The report also shows a growing proportion of allegations being dismissed by prison officials as “unsubstantiated.”  Only about 10% of abuse allegations are deemed “substantiated”.  But in even less cases, enough evidence is found to prove sexual abuse and when a correctional officer is responsible, they rarely face prosecution.  While most prison staff involved in sexual misconduct lose their job at the facility, fewer than 50% are referred for prosecution, and only 1% are actually convicted.

Roughly one-third of staff caught abusing prisoners are allowed to resign, meaning that there’s no public record and nothing to prevent them from working at another correctional institute.
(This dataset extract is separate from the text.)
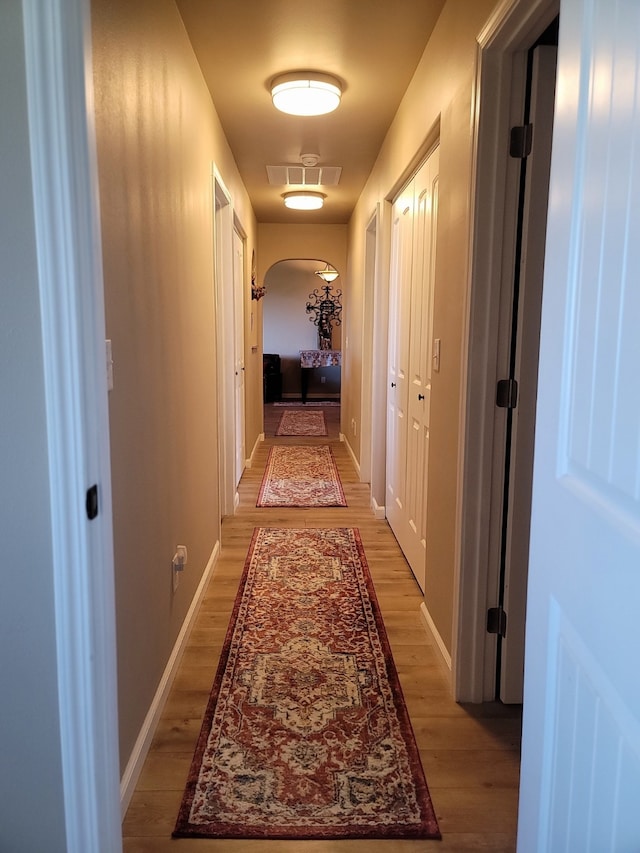 corridor featuring arched walkways, baseboards, and light wood-style floors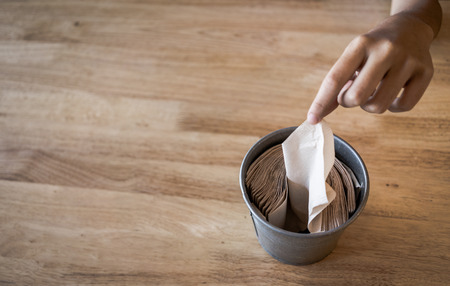 Hand pulling tissue paper, wooden table background, with copy space.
“These findings point to a level of impunity in our prisons and jails that is simply unacceptable,” said Lovisa Stannow, Executive Director of Just Detention International, a prisoner advocacy group in California, “When corrections agencies don’t punish or choose to ignore sexual abuse committed by staff members— people who are paid by our tax dollars to keep inmates safe— they support criminal behavior.”

The lack of punishment may deter more inmates from reporting their abuse.  When the Justice Department talks to inmates directly, as opposed to administrators, the reports of abuse increase.  A 2013 survey of inmates estimated 80,000 sexually victimized prisoners either by other inmates or staff members over a two-year period.  That is roughly 5 times higher than incidents reported to administrators.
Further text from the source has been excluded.